先月「ファイナンス系の勉強をしたい」と書きましたが、さっそく始めようと思って本を読み始めたら頭が痛くなりました。

内容が難しいのもありますが、それよりも自分の将来の資産がやばすぎて不安になってきました。なにこれ修行? 速効性の劇薬?

胃が痛くなったのでとりあえず落ち着こうとお風呂に入りましたが、湯に浸かりながら「人生がいかにツラいか」という命題について脳内であーでもないこーでもないと400字詰め原稿用紙5枚くらいに纏めていたら、ふとあることを思い出しました。

それは、高校生のときにある教師が言っていた言葉です。

 

若い女性数学教師が進路指導で言ったこと

ある日のホームルームの時間、進路についての話をすることになっていました。しかし担任が休みだったので、代理の先生がその時間を受け持ちました。そのときやってきたのが「A先生」です。

A先生は若い女性で、数学教師でした。ショートカットで釣り目でキリッとした雰囲気で、言葉がハッキリしているから怖い印象でした。芸能人の小西真奈美さんをさらに釣り目にしてキツくしたかんじです。今でいうサバサバ系女子かもしれません。

ここでは便宜上「A先生」としましたが、ぶっちゃけ名前を覚えていません。というのも、その先生の授業を受けたこともなければ、話したことすらないからです。

以前の記事でも書きましたが、わたしは高校の途中から理数系と喧嘩別れしました。でも高校一年のときはもちろん数学とも付き合いがあったわけです。しかしうちのクラスの数学担当はおじいちゃんの先生だったので、A先生とは接点がありませんでした。

また、3年になると理系→文系の順番にクラスが分かれました。3年1組~2組は理系、3年3組~文系といったかんじですね。

A先生の守備範囲は理系クラスのみ。文系はますますA先生と接点がなくなっていったのです。

ちなみにウチのクラスの担任はほぼ怒らないまったりした男性英語教師でした。生徒と仲が良くて、ほとんど怒ったことがない。悪くいえば「ことなかれ主義」だけど、良く言えば「優しい先生」だったのだと思います。

そんなわけだから、うちのクラスなぞ温室育ちのようなものです。だってビシッとなにか言われた記憶がない。

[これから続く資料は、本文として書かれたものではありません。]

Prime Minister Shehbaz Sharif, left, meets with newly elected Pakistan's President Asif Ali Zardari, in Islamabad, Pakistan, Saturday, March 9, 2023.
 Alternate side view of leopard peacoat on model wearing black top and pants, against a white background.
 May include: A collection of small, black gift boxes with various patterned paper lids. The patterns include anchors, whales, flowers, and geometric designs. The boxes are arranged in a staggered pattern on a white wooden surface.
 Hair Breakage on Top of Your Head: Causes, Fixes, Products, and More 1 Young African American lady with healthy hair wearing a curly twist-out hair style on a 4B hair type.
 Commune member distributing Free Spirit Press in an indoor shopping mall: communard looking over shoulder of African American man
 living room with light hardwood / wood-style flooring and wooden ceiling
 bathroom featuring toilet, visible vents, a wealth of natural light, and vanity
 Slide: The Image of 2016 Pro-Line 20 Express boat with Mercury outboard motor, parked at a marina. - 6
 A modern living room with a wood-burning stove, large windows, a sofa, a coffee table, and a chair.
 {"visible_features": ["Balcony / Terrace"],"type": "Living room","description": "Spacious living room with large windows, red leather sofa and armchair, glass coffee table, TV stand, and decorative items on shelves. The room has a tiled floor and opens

だけどですよ、そんなぬくぬく育ったうちのクラスに、椎名林檎とか東京事変とか好きそうなA先生がやってきて、ちっとも笑いもせずに、真顔で、抑揚のない声で言ったのです。

 

「みなさん、”大人になる”ということは、どういうことかというと、、」

 

「可能性を1つずつ失っていくということです。」

 

あの時の衝撃は今でも忘れられません…

だって、普通は可能性のある高校生にそんなこと言わないと思いませんか!?

「君達は若いからチャレンジしなさい」とか「羽ばたいていってください」的なことを言うじゃないですか。

だけどA先生はそうじゃなかった。もう突然哲学的なことを言い出した。「人間はなぜ生きているのか?」「生きる意味とは?」と同じくらい答えの出ない「大人とは?」を口にしたのです。

それこそ大人になると、このような文言も「確かに…」と納得できます。だけどその当時の自分には衝撃しかなかった。

「こんなマイナスなことをガツンと言ってくるなんて! きっとこれが真実なんだ!」となぜか感じた。

学生だったころ、大変お世話になった先生とか、好きな先生もいました。だけど不思議なことに、そういう先生の言葉はあんまり覚えていないんです。たぶん一番鮮明に覚えているのがこのA先生の言葉なんですよね。

 

A先生の言葉に説得力がある理由

その当時、A先生はまだ20代の若い教師でした。「大人論」を語るとすれば、もっと人生の先輩にあたる先生のほうが適任だったかもしれません。しかし、個人的にA先生の言葉には説得力があるように感じました。

 

それは何故かというと、、

 

A先生は不倫していたから!!!

 

相手がだれかとか、どういう経緯かとかはわからないけど、少なくともA先生は「誰かの夫を愛するという茨道を自分で選んだ」ことになります。で、A先生は「大人になることは可能性を1つずつ失うこと」だと言った。つまりこの時点で「独身男性との障害のない恋愛」という可能性を失った、ということになります。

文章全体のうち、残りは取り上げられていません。